I was on here previously asking for some help translating a phrase for my next tattoo. I'm back but this time I've decided to go with single words, right now I'm considering family and i notice there are two translations porodica and familija. Also the word faith which seems to have three different translations. Just wondering which translations have the strongest meaning. I greatly appreciate the help.


----------



## slavic_one

I would say in Croatia: obitelj (family) i vjera (faith). But wait for a Serbian reply, don't know which one they prefer the most.


----------



## Duya

In Serbian, "porodica" (=Croatian "obitelj") is far more common term. It also has the appropriate connotations, for example "porodične vrednosti" = "family values".

"Familija" normally refers to the wider family (i.e. all your relatives including cousins, in-laws etc.).

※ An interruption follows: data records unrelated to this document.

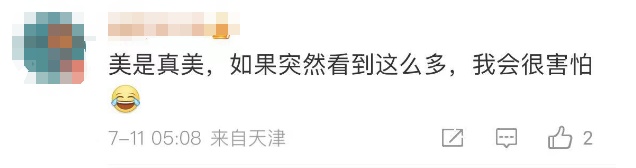 这一幕奇观冲上热搜!上亿只蝴蝶齐飞,真的不是特效... 这一幕奇观冲上热搜!上亿只蝴蝶齐飞,真的不是特效...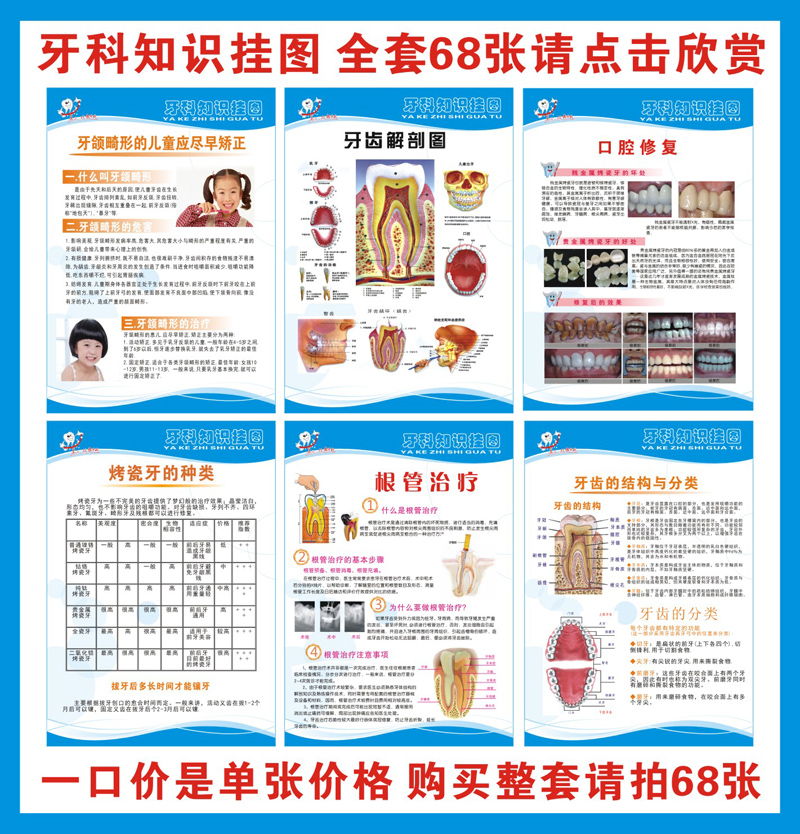 Dental Flip Chart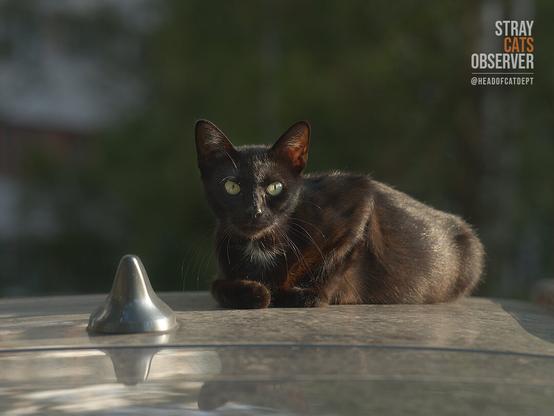 A black cat sits on the roof of a car in the rays of the evening sun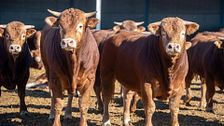 Crean un impuesto para los ganadores por los pedos y eructos contaminantes de sus vacas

"Faith" is "vera" in Serbian.


----------



## slavic_one

Btw, in Croatian, "familija" with a meaning Duya gave would be "rodbina".


----------



## Bojan

And word "rodbina" exists with the same meaning in Serbian too.


----------



## JustAnotherWolf

Great, it's perfect for what I want. I'm getting the new ink on my arm and it will be visible so I needed to be sure I was getting the proper word and spelling so thanks again!


----------



## Majalj

You plan to tatoo "rodbina" on your arm???  I know you would be laughed at here... 
Or "vera" - Vera is a very common name for women, so that tatoo would have double meaning.


----------



## Bojan

Majalj is right that you shouldn't tatoo "rodbina" on yourself because that word doesn't have connotations of English word "family" (Serbian "porodica"), and would look odd and silly. Its primary meaning is "extended family". If you wish to convey meaning of "kin" and "consanguinity" there is more appropriate word "rod", but don't use "rodbina".


----------



## JustAnotherWolf

Porodica and Vera is what i'm planning on getting


----------



## Majalj

If I saw a tattoo saying Vera, I'd think your mother was called that.


----------



## JustAnotherWolf

good for you


----------



## doorman

JustAnotherWolf said:


> Porodica and Vera is what i'm planning on getting


If you're planning on getting only one tattoo, I suggest you to write "Vera i Porodica" instead of "Porodica i Vjera" (IMHO, it sounds more powerful)



Majalj said:


> If I saw a tattoo saying Vera, I'd think your mother was called that.


Idem!


----------



## natasha2000

Also, vera with small caps. 


Porodica i vera

Vera with capital V is a female name, as others have already told.

Why don't you use Cyrillic letters? 
Here are some correct versions of the text:

породица и вера

ПОРОДИЦА И ВЕРА

Породица и вера


----------